76. La seule détermination des grands ensembles politiques selon des critères géographiques a fait son temps. Il faut prendre conscience collectivement que nous avons changé d’époque. Si les peuples d’Egypte, de Libye, de Tunisie et d’ailleurs ont fait l’effort de secouer le joug de la dictature et peut-être aussi de l’extrémisme religieux, il faut les aider, non pas dans une relation de maître à élève, mais dans le cadre d’une relation de partenariat, dans un nouveau projet politique commun pour la démocratie et la justice, pour la liberté.
77. Il est temps de créer une «maison commune» des démocraties. Le Conseil de l’Europe est l’organisation qui est allée le plus loin dans le rapprochement des peuples de ses 47 Etats membres, qui a une expérience reconnue et qui a accompagné les pays de l’Est dans leur transformation démocratique. Il dispose d’outils et de mécanismes permettant non seulement le développement de normes communes, pour la réalisation d’un espace juridique commun respectueux du principe de la prééminence du droit et des droits de l’homme et pour l’approfondissement du caractère démocratique des réformes, mais aussi un système de veille et de contrôle de ces normes.
78. Il faut maintenant une volonté politique pour donner au Conseil de l'Europe une nouvelle impulsion historique. Il faut que les Etats européens acceptent de mettre leurs valeurs à l’épreuve, au-delà des frontières de leur continent, et de lier leur destin plus étroitement avec d’autres pays qui aspirent à la démocratie et qui acceptent de se soumettre aux mêmes normes et contrôles. Un tel projet suppose aussi que les hommes et les femmes qui sont actuellement aux affaires dans les pays du sud de la Méditerranée et qui ont la responsabilité de mener leur pays sur un chemin nouveau sans tomber dans les travers du passé aspirent à autre chose qu’à une simple aide économique de l’Europe et adoptent les valeurs communes de tolérance et de respect des libertés. Le Conseil de l’Europe pourrait ainsi mettre à leur disposition ses structures pour œuvrer au plus près des préoccupations des citoyens et de relever ensemble les principaux défis politiques de nos sociétés.
79. Comme l’a mentionné le Président de l’Assemblée le 11 mai 2011 à Istanbul, il faut sérieusement envisager de réunir un sommet des chefs d’Etat et de gouvernement des démocraties d’Europe et du sud de la Méditerranée dans une démarche fondatrice avec pour objectif de débattre de la coopération entre le Conseil de l’Europe et les démocraties émergentes dans le monde arabe. L’Assemblée parlementaire, avec son statut de «Partenaire pour la démocratie», ouvre la voie mais il faut aller encore plus loin.

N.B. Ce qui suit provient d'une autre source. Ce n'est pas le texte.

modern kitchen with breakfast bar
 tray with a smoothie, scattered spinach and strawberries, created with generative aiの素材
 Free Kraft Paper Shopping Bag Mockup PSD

80. C’est aux Etats arabes qu’il appartient de faire leurs choix, mais l’Europe doit se montrer à la hauteur des circonstances. Si elle manque aujourd’hui d’ambition et d’une vision politique d’avenir claire, démocratique, porteuse d’espoir, elle léguera aux générations futures un environnement toujours marqué par des dissensions politiques, culturelles, religieuses qui pourraient devenir insurmontables et tôt ou tard se retourner contre elle.